Anticipating the event of Quetzelcoatl's return, Moctezuma II had posted watchers on the coast to draw images of the aliens and deliver them to him. The emperor was amazed that the light-skinned, bearded figures matched the traditional descriptions of Quetzelcoatl. This case of mistaken identity caused the Aztecs to put up little resistance to the Spaniards, who soon conquered them.
To prevent mutiny among his troops, Cortes burned the ships after they landed. The cavalry-mounted Spanish forces then quickly defeated several local tribes who resisted their invasion. When their chiefs sued for peace, Cortes gave them his helmet and com-manded them to take it to the emperor and return it filled with gold.
The helmet itself was an object of wonder to the Aztecs: it was almost identical to that worn by the great deity Huiziopochtli. Marveling at the similarty, the emperor returned the helmet filled with gold and accompanied by a warning to come no closer. But the Spaniard's greed for gold and dominion drew them inexorably toward Tenochtitlan.
As he lay dying, Moctezuma II had a wondrous vision. He told it to Tula, his favorite daughter. Later, she told it to the Tezcucan noble Iztlilzochitl, who recorded it:
"To the world I have said farewell. I see its vanities go away from me one by one. Last in the train and most loved, most glittering is power, and in its hands I see my heart. A shadow creeps over me, darkening all without, but brightening all within, and in the brightness, lo, I see my people and their future!"
"The long, long cycles, two, four, eight, pass away, and I see the tribes newly risen, like the trodden grass, an in their midst a Priesthood and a Cross. An age of battle more, and lo! There remains the Cross, but not the priests; in their stead is Freedom and God."
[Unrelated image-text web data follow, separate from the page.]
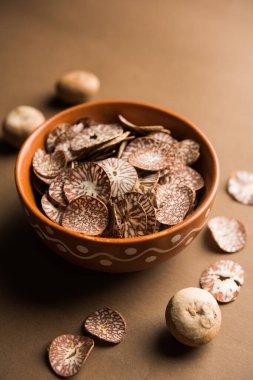 Hindistan 'da Supari dilimleri olarak da bilinen bir kasede Betel fındık cipsi, Paan Masala' da kullanılır.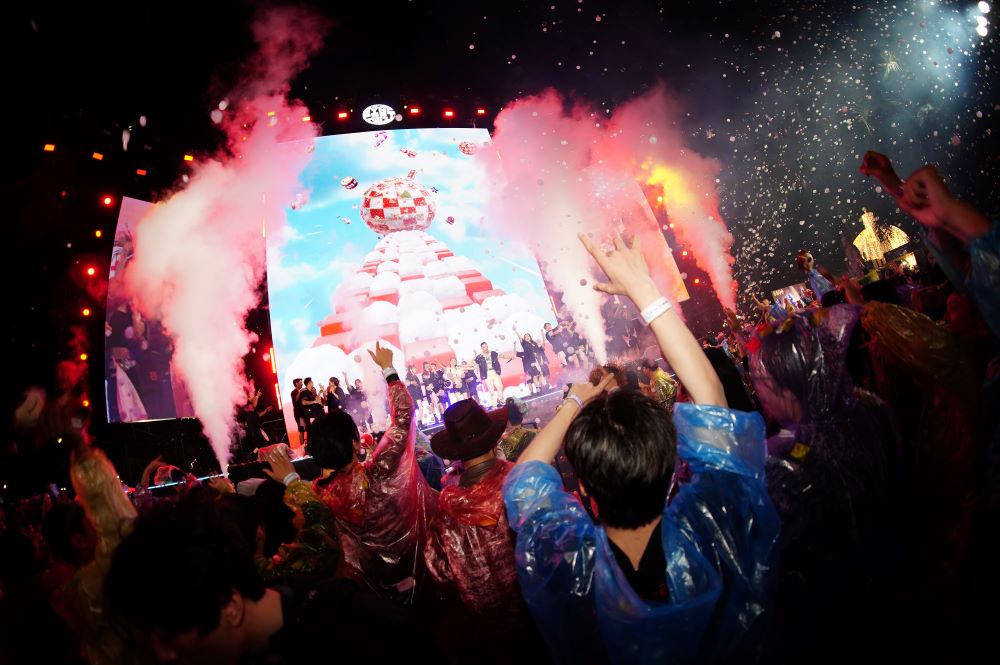 Cặp đôi nghệ sĩ sáng tạo Long Oliver & Bom cùng khán giả bùng nổ cảm xúc trong đêm SYNC FEST 2025 - ảnh 5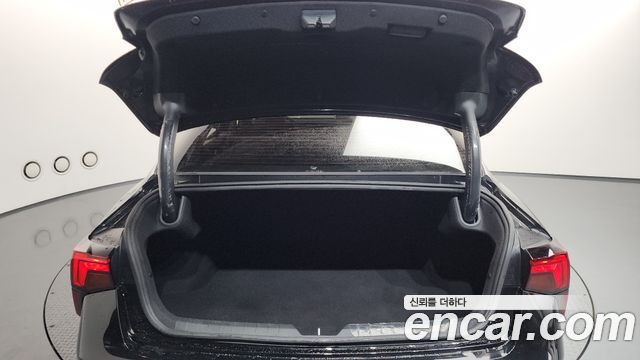 Kia K5 (III) 2.0 Prestige 2025 — фото 22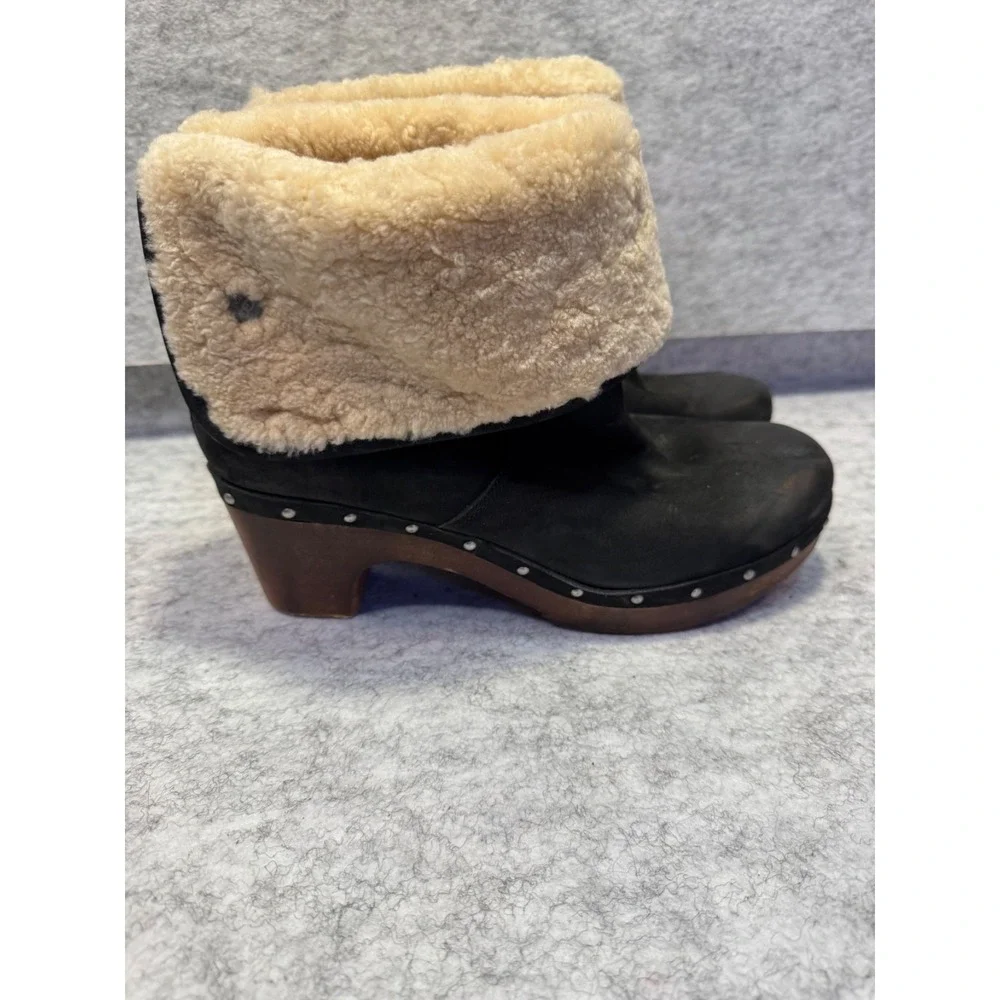 Australian UGG Black Hi Clog Woman's size 9 winter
"I know the children of the Aztecs, crushed now, will live, and more after ages of wrong suffered by them, they will rise up, and take their place - a place of splendor - amongst the deathless nations of the earth. What I was given to see was revelation. Cherish these word's O Tula; repeat them often, make them a cry of the people, a sacred tradition; let them go down with the generations, one of which will, at last, understand the meaning of the words FREEDOM and GOD, now dark to my understanding; and then, not till then, will be the new birth and new career."